Visiblement, l'étude du specimen Tom Kaulitz les intéresse moins que les derniers ragots des écuries voisines. Elles reprennent activement leur bla-bla. J'hésite entre les deux. Je choisis d'aborder le guitariste aux airs d'autiste. Je pousse ma chaise longue vers lui. Aucune réaction.

Je me demandais de quel nom latin on pourrait affubler l'animal vautré à mes côtés, quand il coupa la musique.

A présent, on entend juste les vaguelettes de la piscine, et le vent dans les palmiers. Les trois gars faisaient la planche dans la piscine, visiblement en pleine méditation, les yeux rivés sur les étoiles.

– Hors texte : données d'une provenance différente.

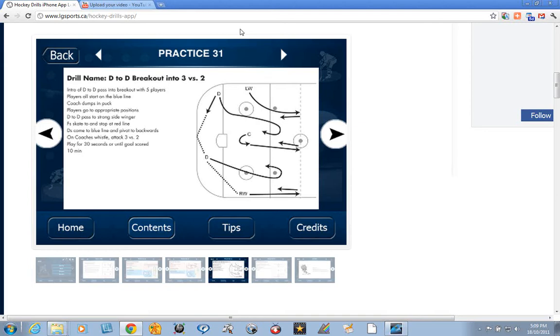If you have a half ice practice, this drill works great. Get a D to start with the puck, pass it to his partner, up to the wing, who can either carry it to center ice or pass to the center who's curling.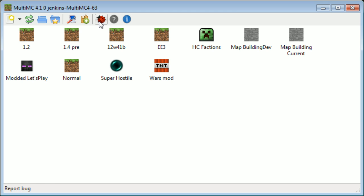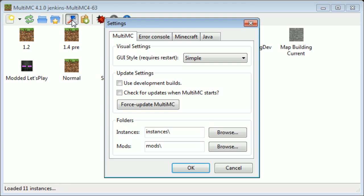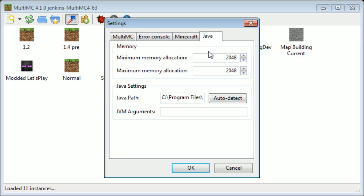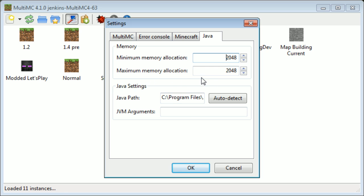So what you want to do is click on your settings, which is right here, and then you go over to Java. There you go, minimum memory allocation 2048. Remember that this is in megabytes, so it will be 1024 for one gigabyte of RAM to allocate.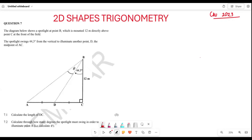The first question requires us to calculate DC. In order to find DC, we are going to start here. The line that we are looking for is only this one, and we are going to apply our trigonometrical ratios.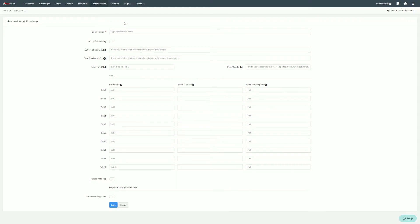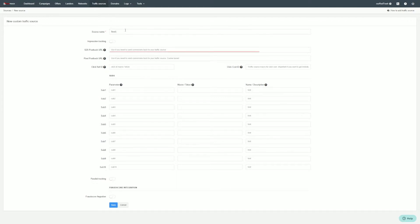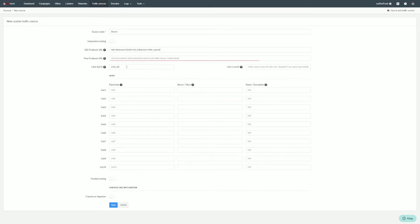Here you should fill in the necessary fields: source name, postback URL, and click ID macro. Also, you can put a pixel postback URL if your traffic source supports this type of postback. Do not paste the entire script, just the URL part.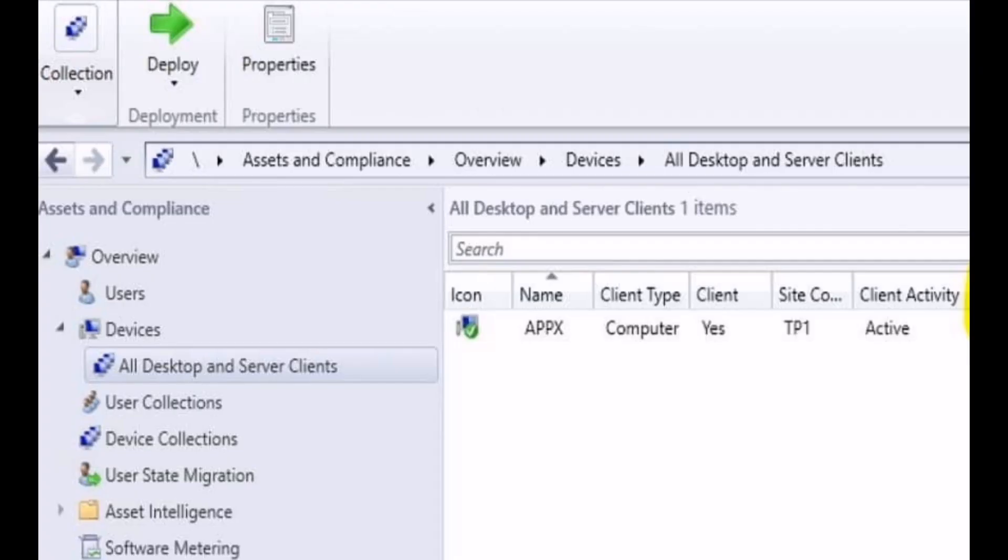First, we need to check whether the SCCM client is active in the console or not. You can check from the device list by searching the client. It should be showing active.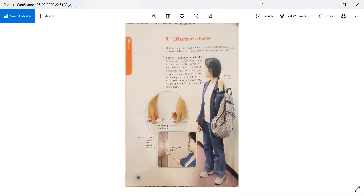Open page number 136 of the book everyone. Effects of a force. Think of some actions you do in the morning while getting ready to go to school. Do some of these actions involve pushes and pulls? A force is a push or pull. Many actions such as squeezing, lifting, and pressing involve pushes and pulls.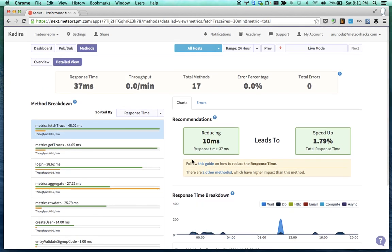So these are the metrics and charts available - common metrics and charts available in Kadira. So then I'll show you...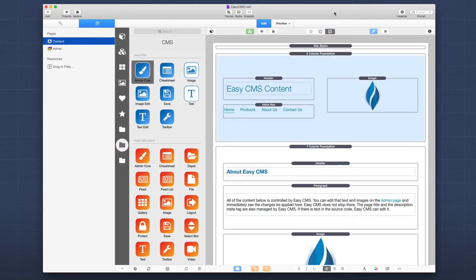Now let's jump in and look at some of the feature comparisons between Easy CMS and Total CMS. To do that properly, we're going to jump into RapidWeaver and look at the stacks available for each. Here we have the Easy CMS demo project that ships with Easy CMS and is available for download from our doc portal.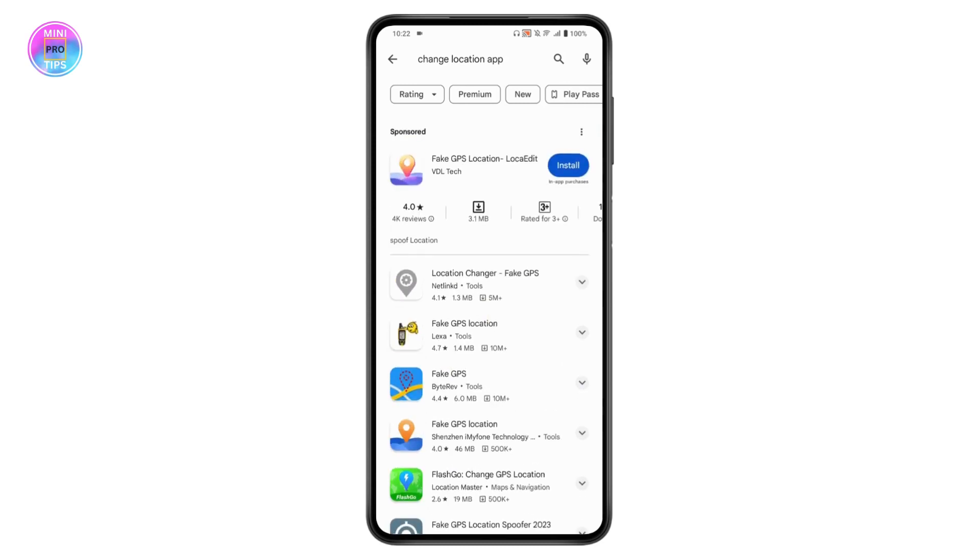Once you install the application, you can simply change your location on your Snapchat maps. That's how you can change the location. If you have any questions, feel free to comment below. Thanks for watching.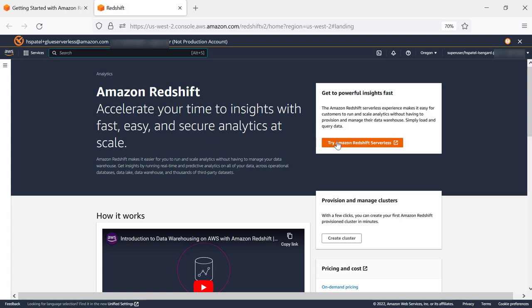You can either get started by creating Amazon Redshift serverless endpoint or create a provisioned cluster. Let's click on Create Cluster.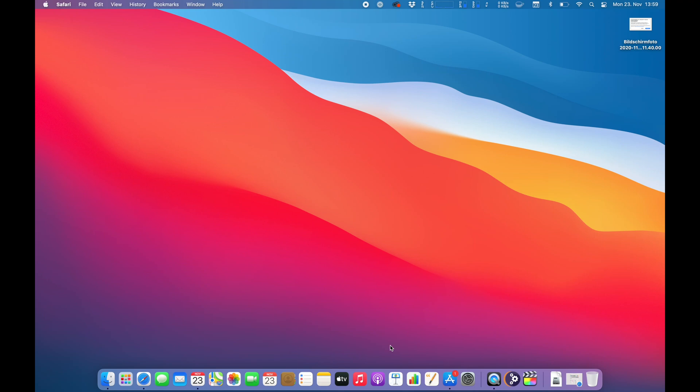Hi guys and welcome to a new video. In this video I'm going to test if PyCharm and Python development works on Apple's new M1 chip on the brand new 2020 MacBook Pro 13-inch baseline with 8 gigabytes of RAM and 256 gigabytes of SSD storage.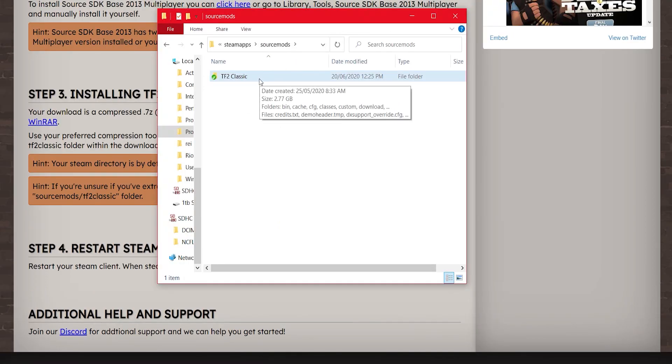As soon as you've extracted the zip file here then you can play the game but first you need to restart Steam and then we are finished. Thank you for watching, I hope this tutorial helped you and I'll see you guys later.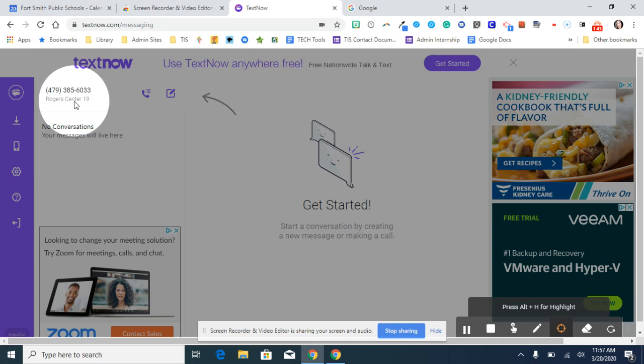Once you've stopped using it for 30 days, your email will no longer be associated with that phone number. It will just be gone. So if you want to use it again, you will have to come back in and have a new phone number generated to you.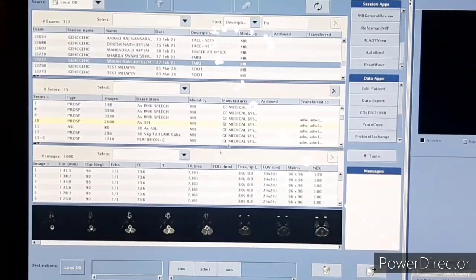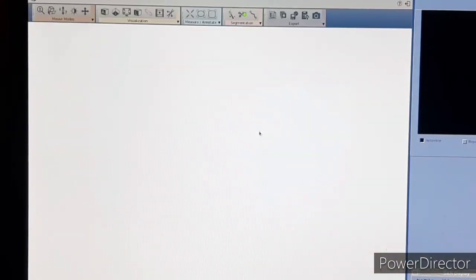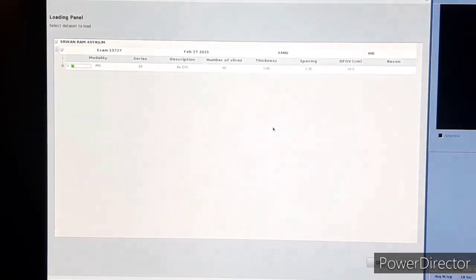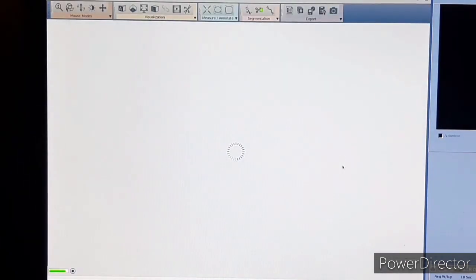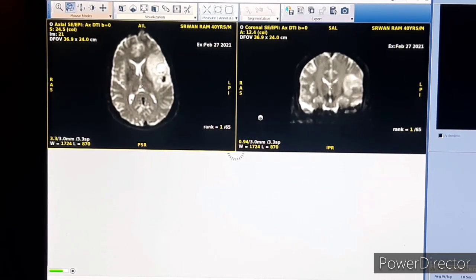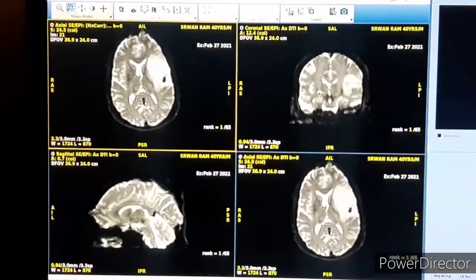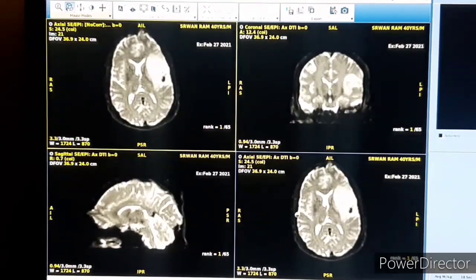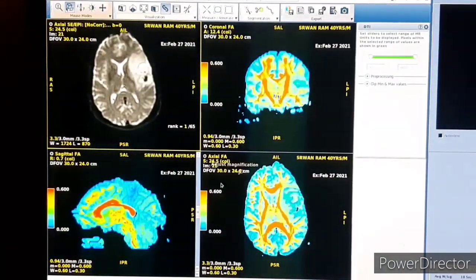To do DTI tractography, first we will open the DTI sequence in the Ready View. You can see it is open in the Ready View, and you can see the three planes of the DTI sequence.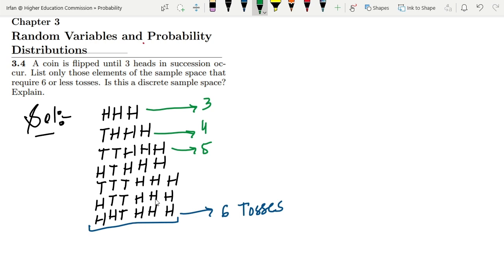Therefore, this is a discrete sample space. That's it for today's solution of question 3.4. I hope you've understood the essence of questions like this. If you have any questions, ask me in the comment box.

Je tourne la tête, me demandant à quel autre comportement primitif mon voisin de chaise longue allait se livrer. Au fond il me fait bien rire. C'est plus distrayant que les "dvd-party" de Mathieu.

"Alors comme ça, tu monte à cheval ?"
Il s'était lancé, courageusement.
"Faut croire ! Tu dois trouver ça super ringard, non ?"
En disant ça, je le regarde : il a baissé son casque autour de son cou, et il m'observe lui aussi, comme dans la chambre tout à l'heure.
"Non ! Au contraire, ça peut être super utile de savoir chevaucher !" répond-il.
"On me l'a déjà faite, merci." Je suis vexée, moi qui pensait qu'il s'intéressait sincèrement à ma passion.
Il s'aperçoit de ma déception, et il me balance une grosse claque sur l'épaule :
"Oh, allez ! T'aime pas les blagues ?" Il affiche un grand sourire. Visiblement il est très fier de son humour.
Je me contente de crier "Aïe", en le regardant avec un air de reproche. Quelle brute !

Je me lève : en fait je m'ennuie quand même. Mathieu sort de la piscine, dégoulinant, et demande si "Mamy Anouk" va déjà se coucher.
"Je ferai peut-être une nuit blanche quand Tom saura discuter avec moi sans tenter de me casser le bras." répondis-je.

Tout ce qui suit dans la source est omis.